# Gummy Charged Radio Question



## addisontodd (Dec 22, 2011)

I'm running Gummy Charged GBE 2.0 and for some reason, the LTE randomly drops during periods of extended streaming. Netflix via wifi tether, for example. It never did this on the Froyo Gummy Charged, and I'm wondering if I should flash a different radio. I'm confident flashing files, themes, and ROMS, but have never messed with radios before. 

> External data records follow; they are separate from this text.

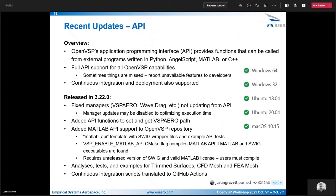Also in 3.22, there were added analyses, tests, and examples for some of the stuff in the CFD mesh project. This release also started to translate the Travis CI and AppVeyor continuous integration scripts to GitHub Actions, so we could have a single place for compiling OpenBSP for all these different platforms and generating the binaries to be posted to the public.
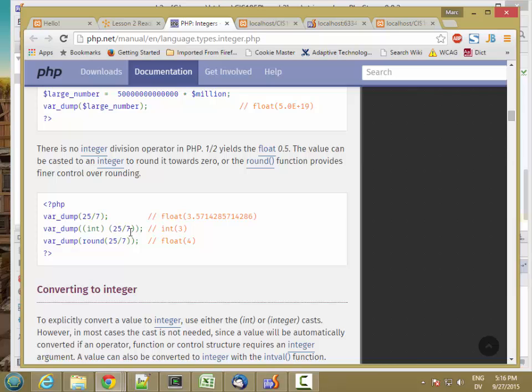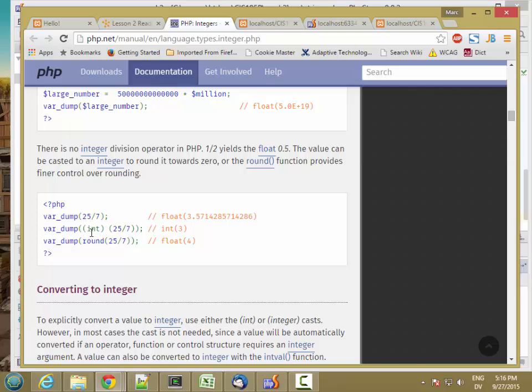You can also convert a floating point number to an integer by using this cast operator. We'll see more of this next week when we talk about type switching. But just keep in mind that any time you have a float, if you want to turn it into an integer, you can use (int). Works the other way around as well. You can take an integer and turn it into a float by saying (float).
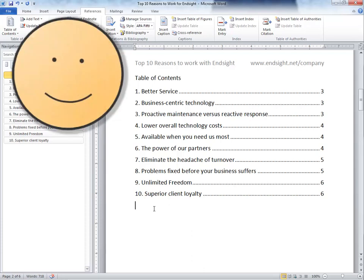Now you know how to create an automatic table of contents and update it in Microsoft Word.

Here's a screenshot of my baseband, etc: 
http://db.tt/afOmh5QO 

Thanks for any help.


----------



## JihadSquad (Nov 2, 2011)

I would suggest ditching Gummy.


----------



## RWNube (Sep 30, 2011)

I've used the EP4D radio with Gummycharged 2.0 FE without issue.
Just Odin the EP4D radio file. Use the PDA button in Odin, unless you like decorative paper weights.
Froyo is pretty week though.


----------



## MidnightNinja (Dec 10, 2011)

Your radio means very little.

People have different results with different radios. Try a couple, if you want to stay on gummy. Gummy, however is no longer supported. I recommend that you go to an officially supported ROM, like TweakStock, Eclipse or Infinity.


----------



## addisontodd (Dec 22, 2011)

Bounced to TweakStock 1.1 last night, and so far I'm loving it. Thanks for the replies!


----------



## MidnightNinja (Dec 10, 2011)

No problem. Glad I could help.


----------